- PROBLEM
Give back only the lines in the records below from the one with "llama Crystal Pet - Image 3" to the one with "Picture of Roller", both inclusive, word for word.

(Short text fragments from websites)
┌──

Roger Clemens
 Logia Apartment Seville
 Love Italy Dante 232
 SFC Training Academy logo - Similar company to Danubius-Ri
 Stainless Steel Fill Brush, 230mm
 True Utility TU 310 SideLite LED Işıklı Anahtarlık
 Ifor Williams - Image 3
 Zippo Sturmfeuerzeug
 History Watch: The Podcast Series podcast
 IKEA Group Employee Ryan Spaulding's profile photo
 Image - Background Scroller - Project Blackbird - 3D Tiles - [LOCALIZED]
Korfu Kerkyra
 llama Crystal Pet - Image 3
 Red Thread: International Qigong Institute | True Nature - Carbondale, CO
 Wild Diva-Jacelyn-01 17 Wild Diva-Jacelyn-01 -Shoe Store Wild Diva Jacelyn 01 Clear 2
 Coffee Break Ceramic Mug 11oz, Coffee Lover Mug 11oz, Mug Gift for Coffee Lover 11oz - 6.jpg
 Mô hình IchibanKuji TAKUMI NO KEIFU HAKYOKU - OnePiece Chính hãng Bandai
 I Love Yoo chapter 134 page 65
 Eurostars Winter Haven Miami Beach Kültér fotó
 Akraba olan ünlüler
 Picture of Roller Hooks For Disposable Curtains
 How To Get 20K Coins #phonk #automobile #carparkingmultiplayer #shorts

└──

- RESULT BELOW
 llama Crystal Pet - Image 3
 Red Thread: International Qigong Institute | True Nature - Carbondale, CO
 Wild Diva-Jacelyn-01 17 Wild Diva-Jacelyn-01 -Shoe Store Wild Diva Jacelyn 01 Clear 2
 Coffee Break Ceramic Mug 11oz, Coffee Lover Mug 11oz, Mug Gift for Coffee Lover 11oz - 6.jpg
 Mô hình IchibanKuji TAKUMI NO KEIFU HAKYOKU - OnePiece Chính hãng Bandai
 I Love Yoo chapter 134 page 65
 Eurostars Winter Haven Miami Beach Kültér fotó
 Akraba olan ünlüler
 Picture of Roller Hooks For Disposable Curtains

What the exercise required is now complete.